■ WHAT IS REQUIRED ■
Drop every picture and copy exactly the lines from the one with "Petface Planet Ocean" through the last line of the listing below.

■ RECORDS SUPPLIED ■
((

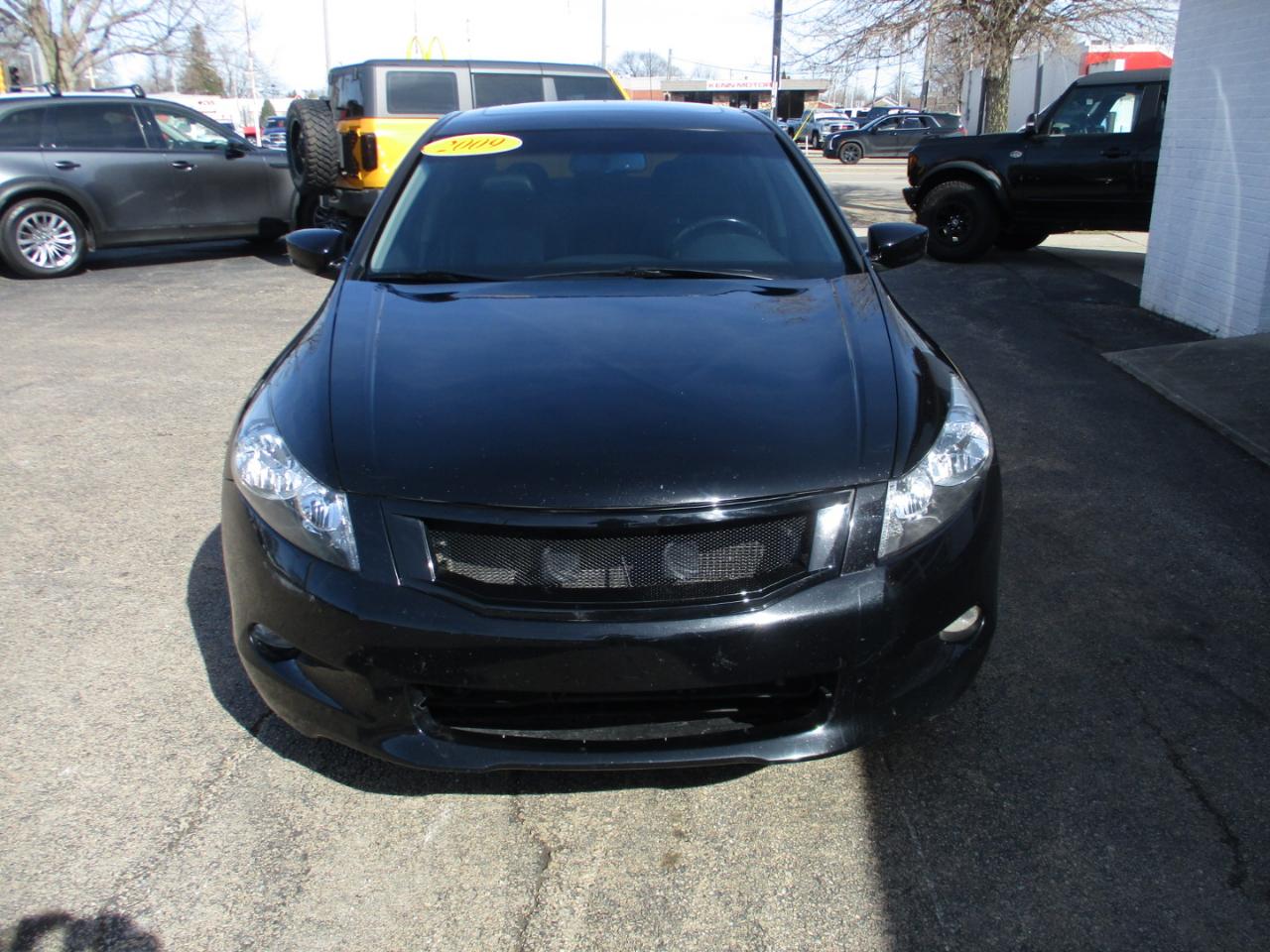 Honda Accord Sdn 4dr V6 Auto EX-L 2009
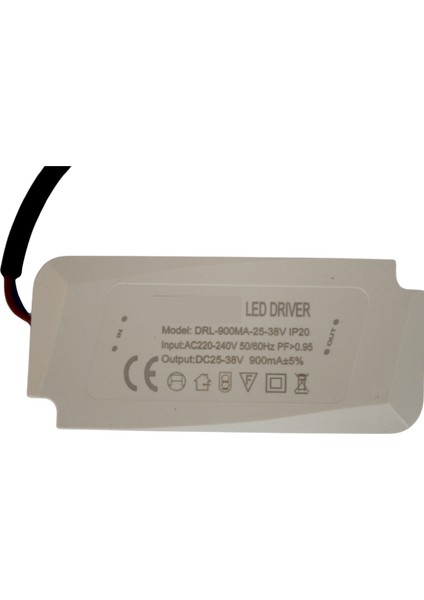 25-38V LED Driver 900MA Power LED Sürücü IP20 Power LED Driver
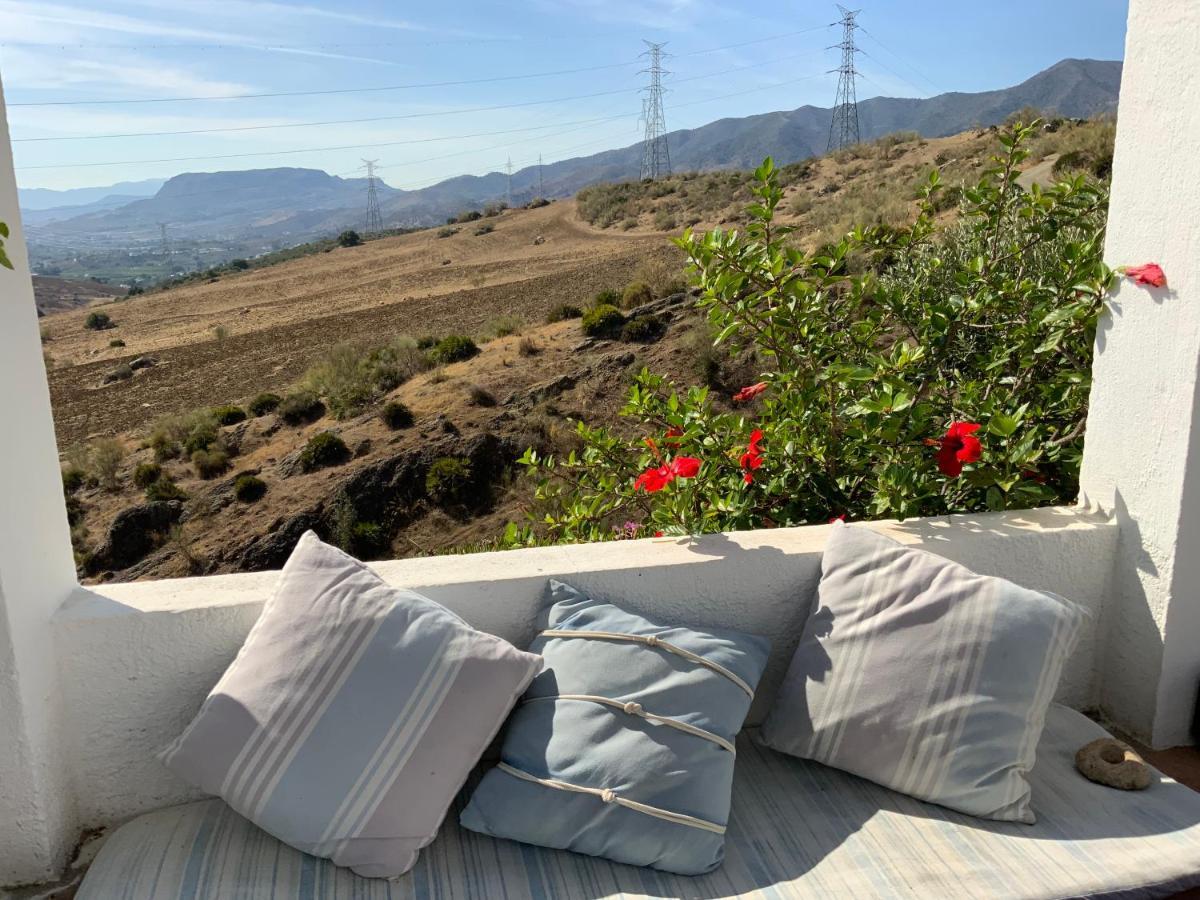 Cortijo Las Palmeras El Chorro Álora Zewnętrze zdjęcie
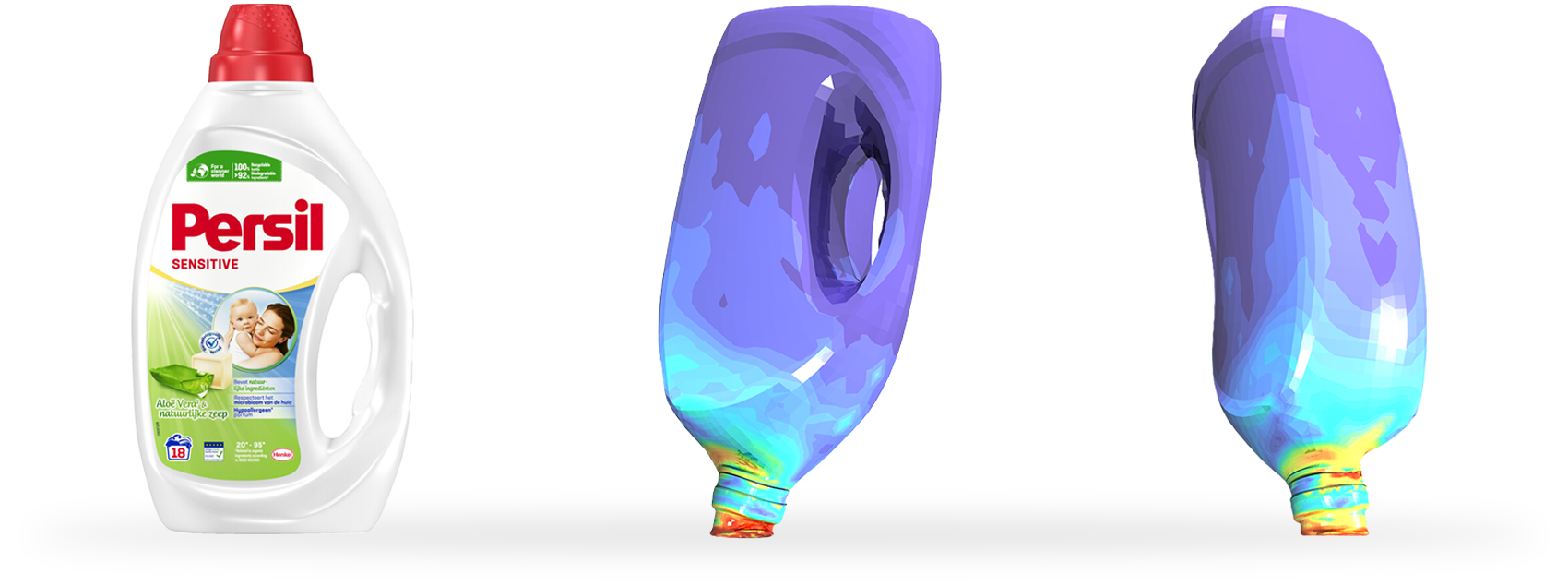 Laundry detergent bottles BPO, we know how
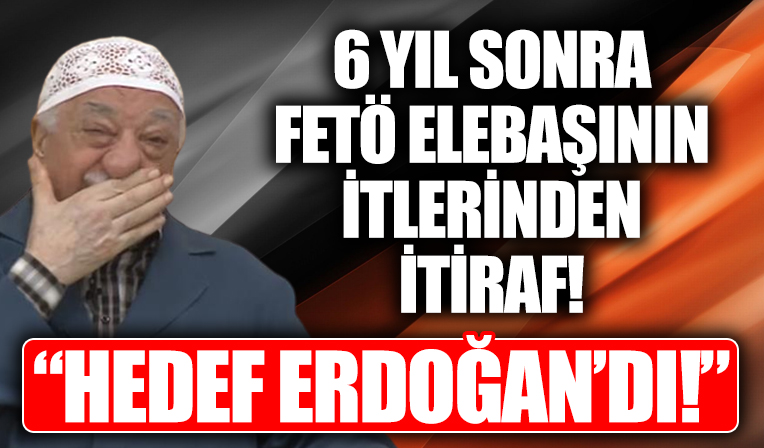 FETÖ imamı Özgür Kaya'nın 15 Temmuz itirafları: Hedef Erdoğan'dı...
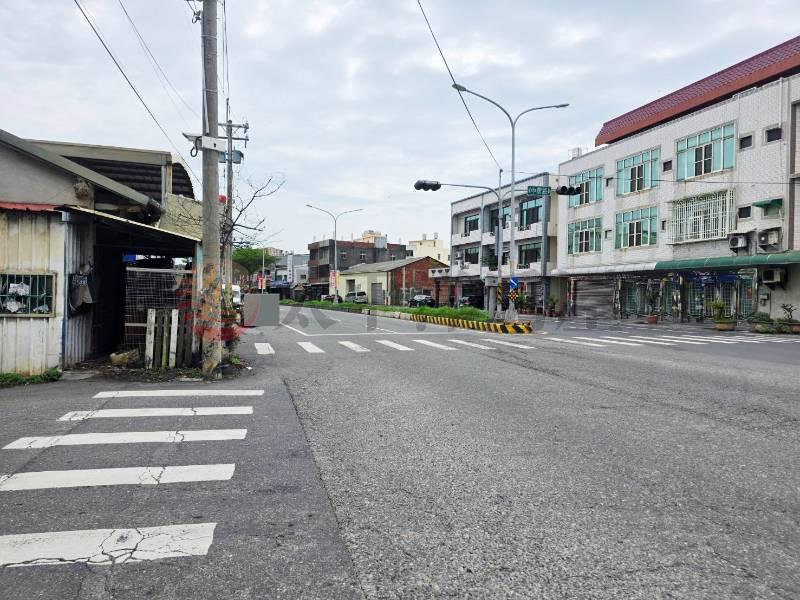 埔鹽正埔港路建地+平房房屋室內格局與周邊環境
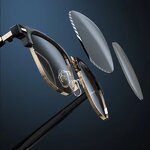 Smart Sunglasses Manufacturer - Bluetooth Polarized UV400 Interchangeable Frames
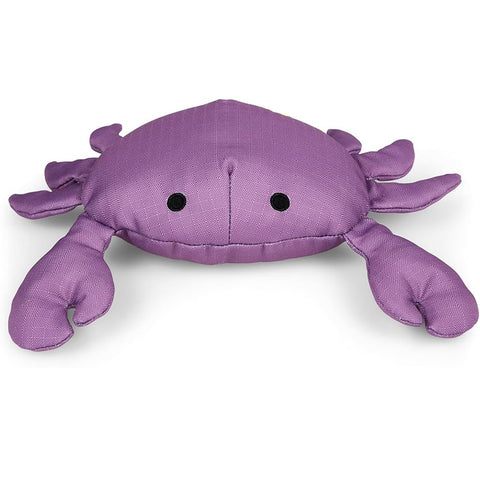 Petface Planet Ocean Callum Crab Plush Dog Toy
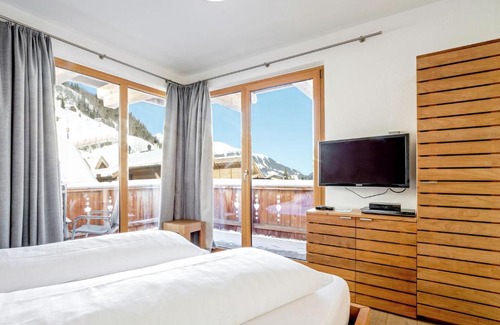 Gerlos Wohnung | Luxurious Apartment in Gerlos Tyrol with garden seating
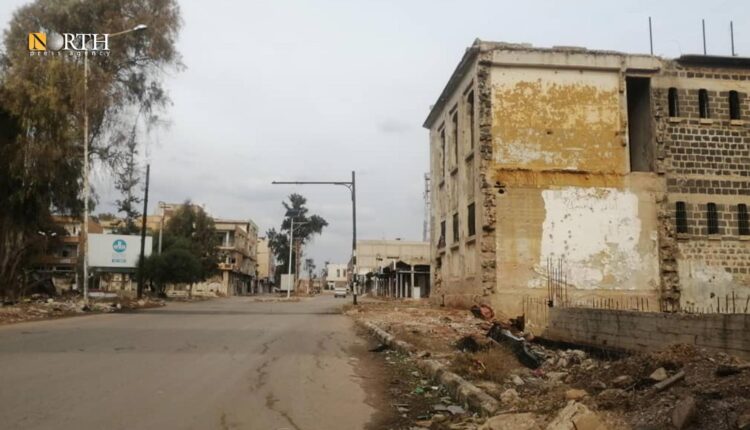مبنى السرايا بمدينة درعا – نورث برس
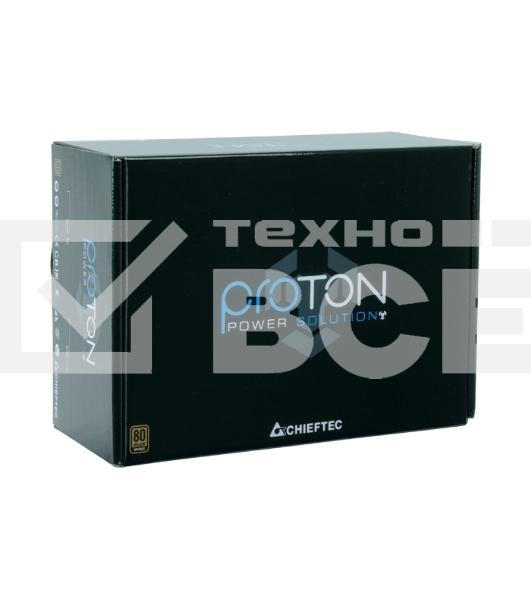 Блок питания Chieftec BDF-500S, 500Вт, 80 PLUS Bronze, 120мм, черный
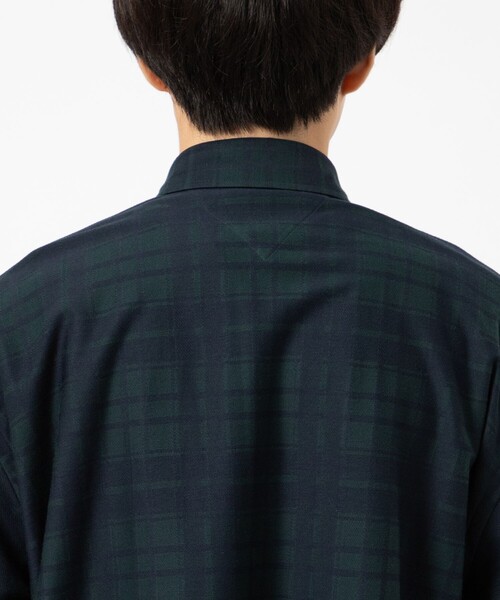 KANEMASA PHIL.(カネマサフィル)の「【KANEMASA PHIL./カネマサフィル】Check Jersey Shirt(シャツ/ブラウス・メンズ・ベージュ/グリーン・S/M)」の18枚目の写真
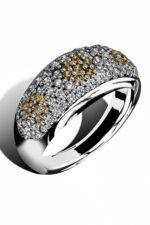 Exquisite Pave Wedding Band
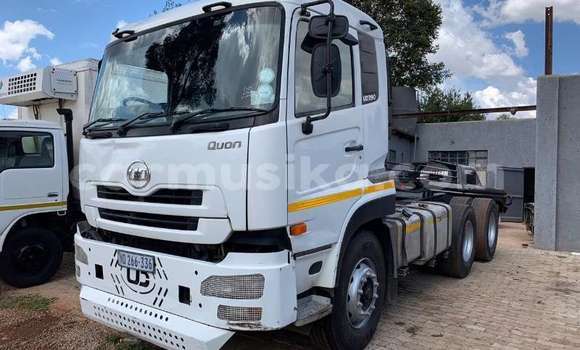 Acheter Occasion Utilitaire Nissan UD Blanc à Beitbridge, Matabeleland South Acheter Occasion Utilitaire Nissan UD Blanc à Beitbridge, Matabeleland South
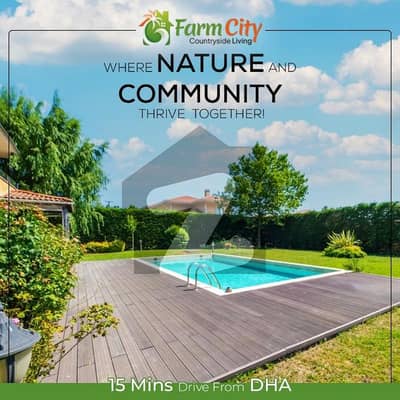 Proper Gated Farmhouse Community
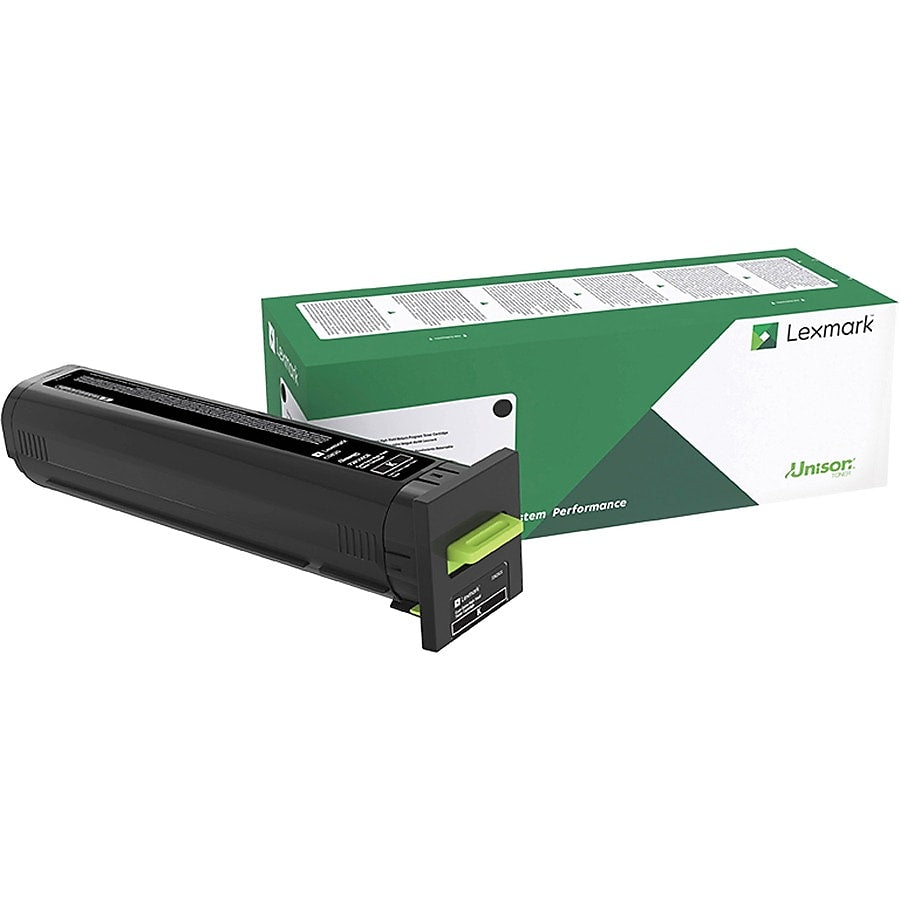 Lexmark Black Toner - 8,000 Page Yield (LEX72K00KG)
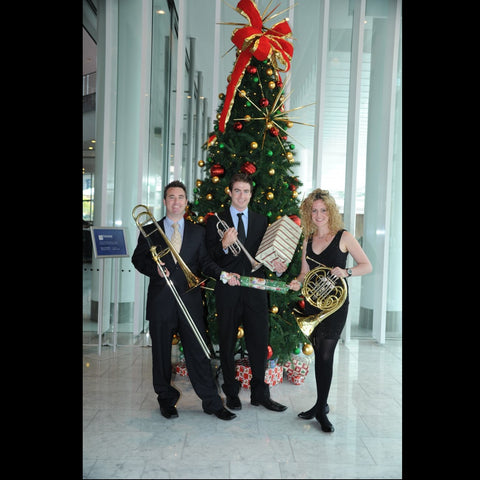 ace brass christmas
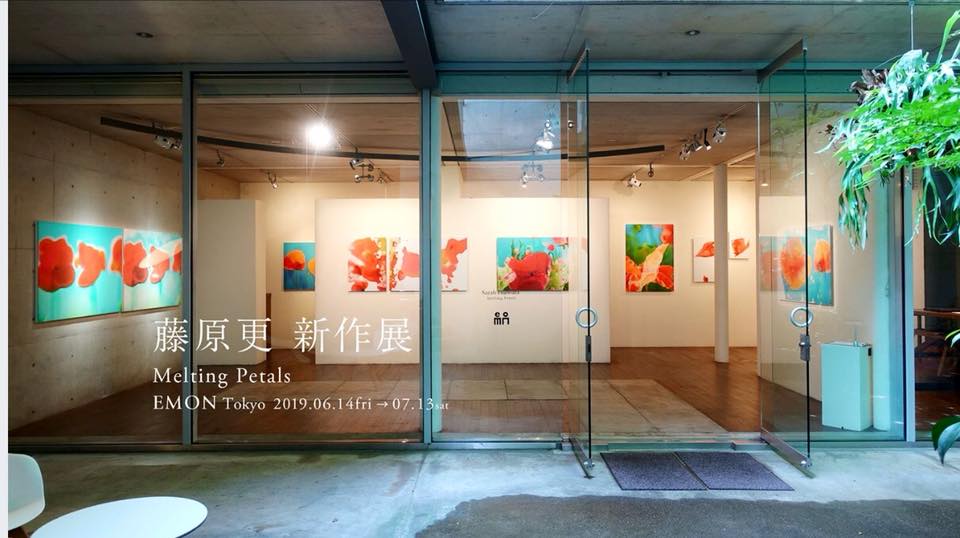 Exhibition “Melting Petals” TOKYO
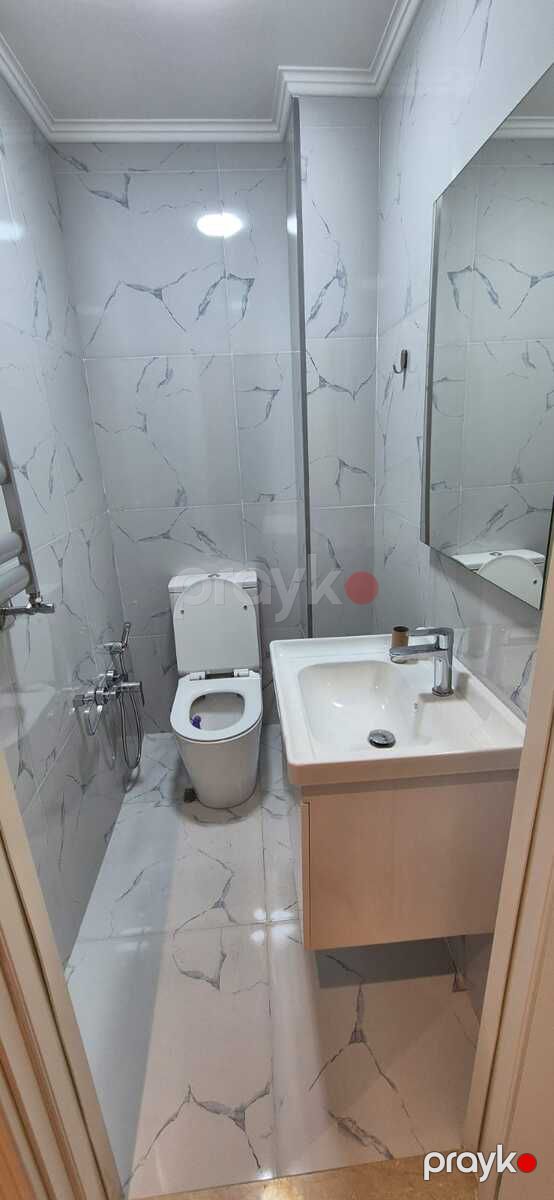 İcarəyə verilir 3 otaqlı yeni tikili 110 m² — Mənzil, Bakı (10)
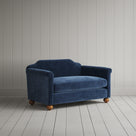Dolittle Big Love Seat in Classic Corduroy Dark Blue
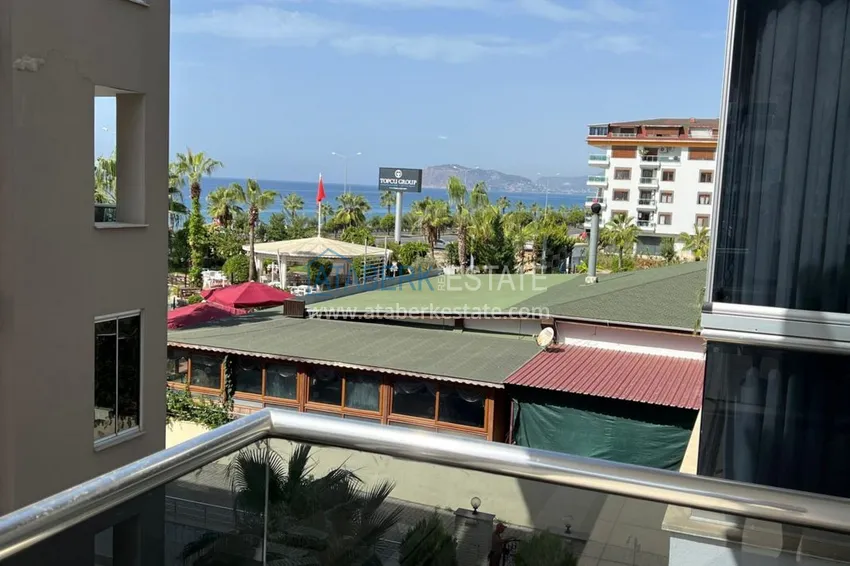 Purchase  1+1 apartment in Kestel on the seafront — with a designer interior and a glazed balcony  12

))

■ RESPONSE TO THE TASK ■
 Petface Planet Ocean Callum Crab Plush Dog Toy
 Gerlos Wohnung | Luxurious Apartment in Gerlos Tyrol with garden seating
مبنى السرايا بمدينة درعا – نورث برس
 Блок питания Chieftec BDF-500S, 500Вт, 80 PLUS Bronze, 120мм, черный
 KANEMASA PHIL.(カネマサフィル)の「【KANEMASA PHIL./カネマサフィル】Check Jersey Shirt(シャツ/ブラウス・メンズ・ベージュ/グリーン・S/M)」の18枚目の写真
 Exquisite Pave Wedding Band
 Acheter Occasion Utilitaire Nissan UD Blanc à Beitbridge, Matabeleland South Acheter Occasion Utilitaire Nissan UD Blanc à Beitbridge, Matabeleland South
 Proper Gated Farmhouse Community
 Lexmark Black Toner - 8,000 Page Yield (LEX72K00KG)
 ace brass christmas
 Exhibition “Melting Petals” TOKYO
 İcarəyə verilir 3 otaqlı yeni tikili 110 m² — Mənzil, Bakı (10)
Dolittle Big Love Seat in Classic Corduroy Dark Blue
 Purchase  1+1 apartment in Kestel on the seafront — with a designer interior and a glazed balcony  12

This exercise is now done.